This article originally appeared on Alma.
When “Green Book” won the Academy Award for best movie on Sunday night, arguably the most coveted prize of the ceremony, “BlacKkKlansman” and “Do The Right Thing” director Spike Lee stormed to the back of the auditorium and kept his back turned for the entire speech. The gesture culminated a great controversy around the movie, which has been sweeping the awards this season despite some heavy consternation.
“Green Book” has been accused of having a white savior complex, whitewashing racism and being inaccurate to the true story it’s based on, among other things. The movie depicts Anthony “Lip” Vallelonga, played by Viggo Mortensen, who is hired to drive around Don Shirley, played by Mahershala Ali (who won a Golden Globe for the role), a virtuoso African-American jazz pianist, as he plays clubs in 1962’s racist and segregated American South.
The film was co-written by Vallenlonga’s son and largely focuses on his perspective — with which Shirley’s family took great issue. The Shirley family claims that they weren’t contacted or interviewed as preparation for the film, and subsequently the film is told only from the perspective of white people. Looking at the team behind the movie, it doesn’t seem like a wild accusation:
https://twitter.com/ira/status/1099885809748996097
And not only that, Shirley’s family has argued that the movie is full of inaccuracies, going as far as calling it a “symphony of lies.” In fact, in their acceptance speech, the filmmakers never even thanked Dr. Shirley.
Yet I think it’s fair to say that some people still don’t understand why this movie riles so many people. But one man, Peter Birkenhead, has found the perfect analogy to explain the controversy to those who still don’t get it.

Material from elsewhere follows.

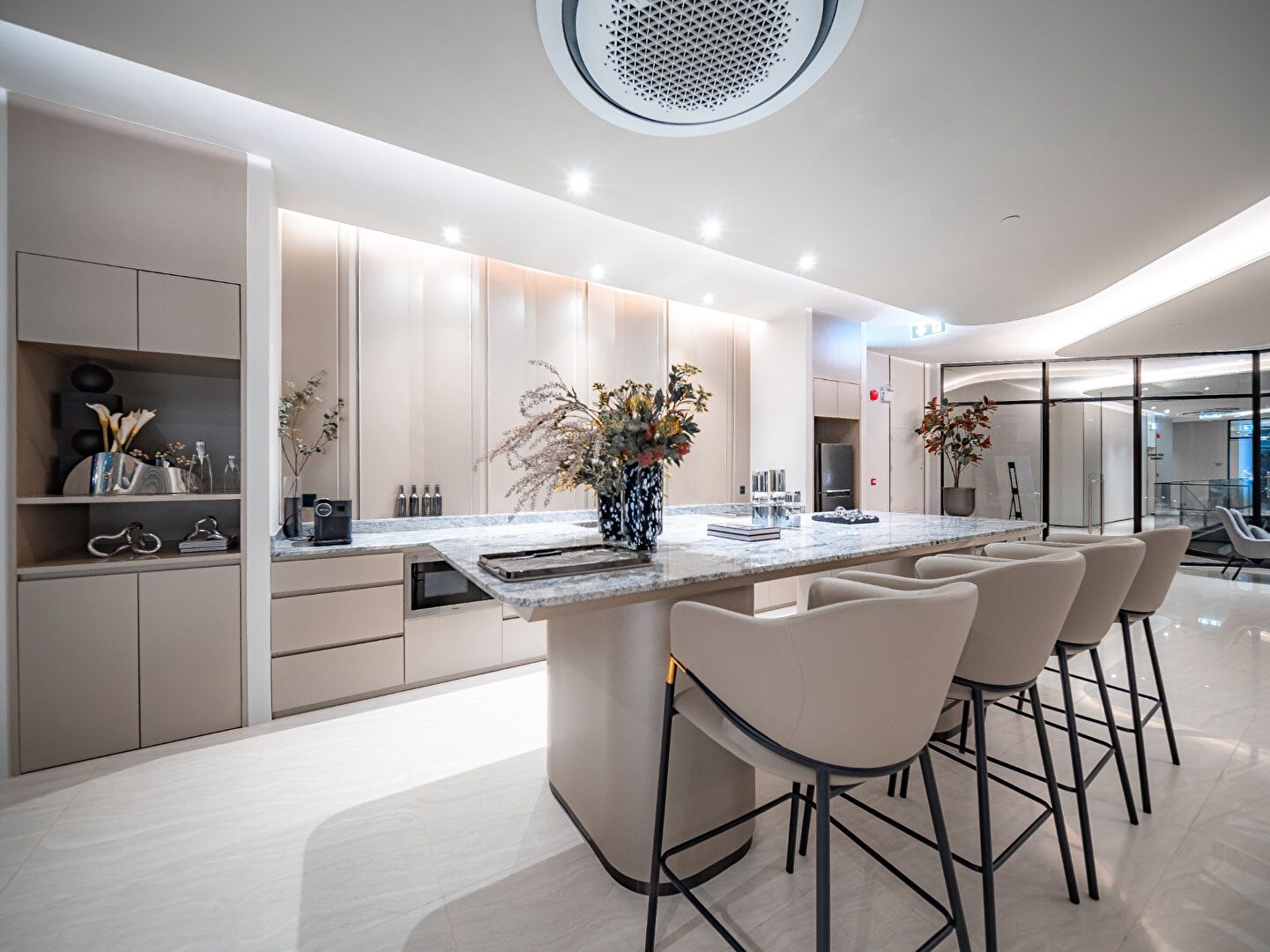 KnightsBridge Space Rama 4: Cuisine et rangements intégrés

Imagine, he wrote on Facebook in a post that’s now been shared 1.4K times and counting, if a new movie came out about Anne Frank, but that it was focused on the experience and the bravery of one of her saviors, Miep Geis. That instead of the horror Anne and her family went through, the movie focused on “Geis’s dawning realization that, since Anne is so well mannered and refined and cultured, perhaps not every Jew is a sniveling, greedy, termite secretly planning to destroy civilization.”
Feels wrong, right?
Or imagine, Birkenhead urges, that the movie was filled with inaccuracies and poorly researched. What if the people making this hypothetical Anne Frank movie “never get in touch with any of Anne Frank’s descendants, or even the Anne Frank museum in Amsterdam. They don’t do much research at all.”
Birkenhead’s post (which really should be read in full) also reminds us that the reason “Green Book” is drawing so much anger is that it’s not an outlier, but yet another film in a continuum of films, like “Driving Miss Daisy,” which depict the same dynamics and celebrate white saviors, created from the perspective of white people.
Speaking of “Driving Miss Daisy,” if you still need more clarity on that pop culture legacy, consider listening to this episode of the incredible New York Times podcast “The Daily” (hosted by a super talented member of the tribe, Michael Barbaro) that explores the problematic movie.
You might think that Birkenhead’s comparison and examples are a little exaggerated; they are not. Racism is a scourge that would’ve been overcome if it were simply about white people just meeting people of color and getting along with them. A narrative that applauds a white person for overcoming his personal racism, and that skims and ignores what it means to live with racism every day, is crafted to make white people feel good and comfortable instead of thinking how they may or may not contribute to racism.
You know the saying “some of my best friends are black/Jewish/gay” from someone who then goes ahead and expresses a racist or bigoted belief? It’s entirely possible for white people to work for, or have people of color, work for them, or even have them as friends, and yet still benefit from systemic racism and hold racist beliefs.
One can enjoy “Green Book” — see it as a well-crafted movie with a talented cast. But it’s important to think twice about the good feeling it leaves you with, especially if you are a white person watching the movie. Maybe compliment it afterward with some Spike Lee movies.